YOUR OBJECTIVE:
Pictures are to be omitted. Output only the lines from the one containing "Забавный день |" through the end of the data, word for word.

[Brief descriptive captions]
===

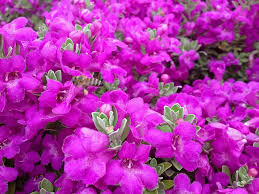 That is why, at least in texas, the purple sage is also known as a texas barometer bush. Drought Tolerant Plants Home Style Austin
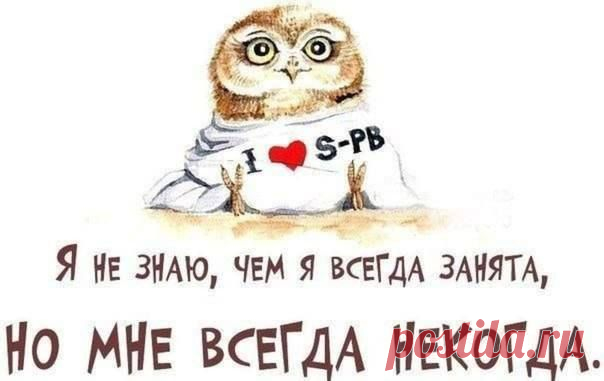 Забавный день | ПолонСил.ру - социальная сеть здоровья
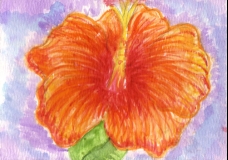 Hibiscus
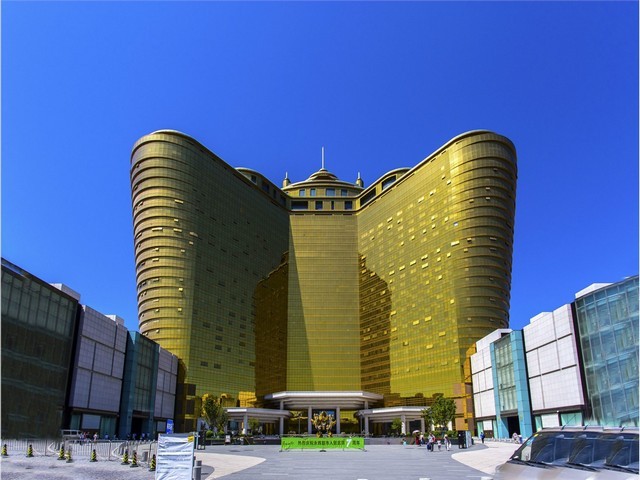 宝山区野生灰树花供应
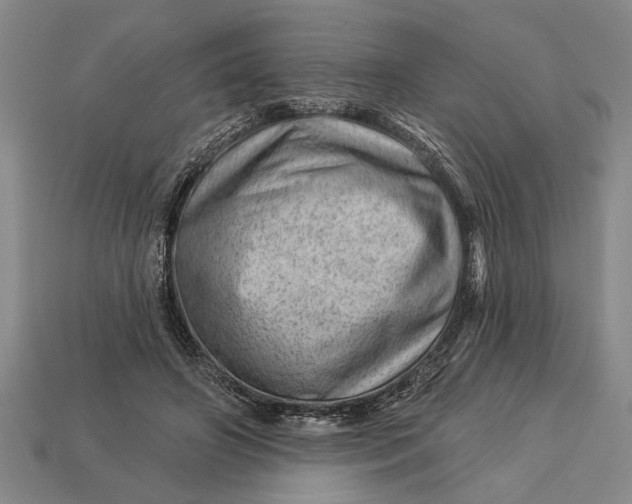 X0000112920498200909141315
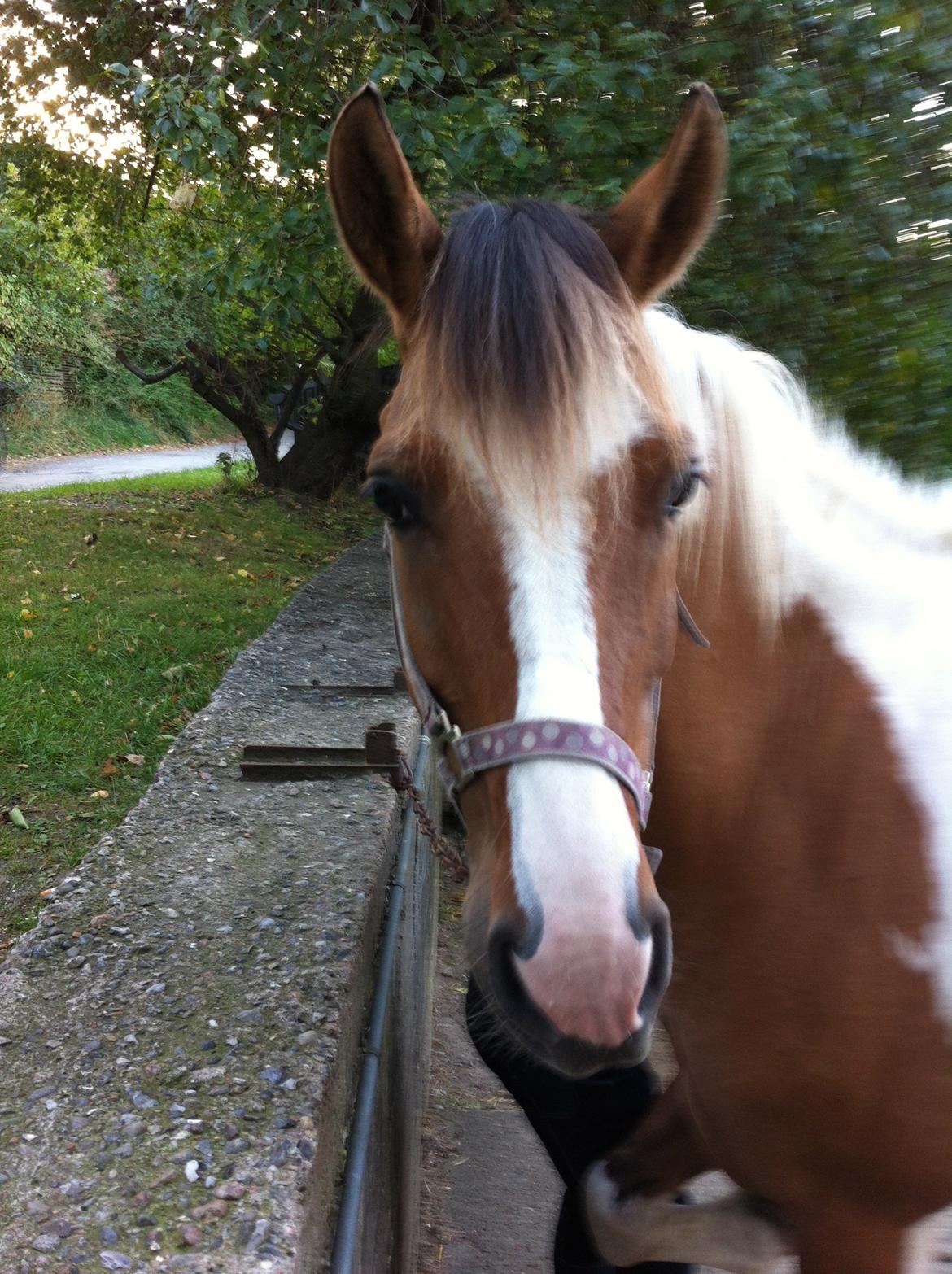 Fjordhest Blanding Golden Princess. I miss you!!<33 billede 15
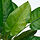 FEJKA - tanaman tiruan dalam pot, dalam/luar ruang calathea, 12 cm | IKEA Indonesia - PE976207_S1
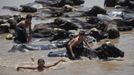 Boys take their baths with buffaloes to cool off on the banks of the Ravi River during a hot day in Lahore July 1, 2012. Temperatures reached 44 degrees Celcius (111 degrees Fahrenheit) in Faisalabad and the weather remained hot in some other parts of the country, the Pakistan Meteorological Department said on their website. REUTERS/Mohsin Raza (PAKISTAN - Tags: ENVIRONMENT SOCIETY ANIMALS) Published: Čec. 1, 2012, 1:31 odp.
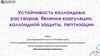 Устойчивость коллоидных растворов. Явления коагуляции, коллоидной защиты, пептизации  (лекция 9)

===

RESULT:
 Забавный день | ПолонСил.ру - социальная сеть здоровья
 Hibiscus
 宝山区野生灰树花供应
 X0000112920498200909141315
 Fjordhest Blanding Golden Princess. I miss you!!<33 billede 15
 FEJKA - tanaman tiruan dalam pot, dalam/luar ruang calathea, 12 cm | IKEA Indonesia - PE976207_S1
 Boys take their baths with buffaloes to cool off on the banks of the Ravi River during a hot day in Lahore July 1, 2012. Temperatures reached 44 degrees Celcius (111 degrees Fahrenheit) in Faisalabad and the weather remained hot in some other parts of the country, the Pakistan Meteorological Department said on their website. REUTERS/Mohsin Raza (PAKISTAN - Tags: ENVIRONMENT SOCIETY ANIMALS) Published: Čec. 1, 2012, 1:31 odp.
 Устойчивость коллоидных растворов. Явления коагуляции, коллоидной защиты, пептизации  (лекция 9)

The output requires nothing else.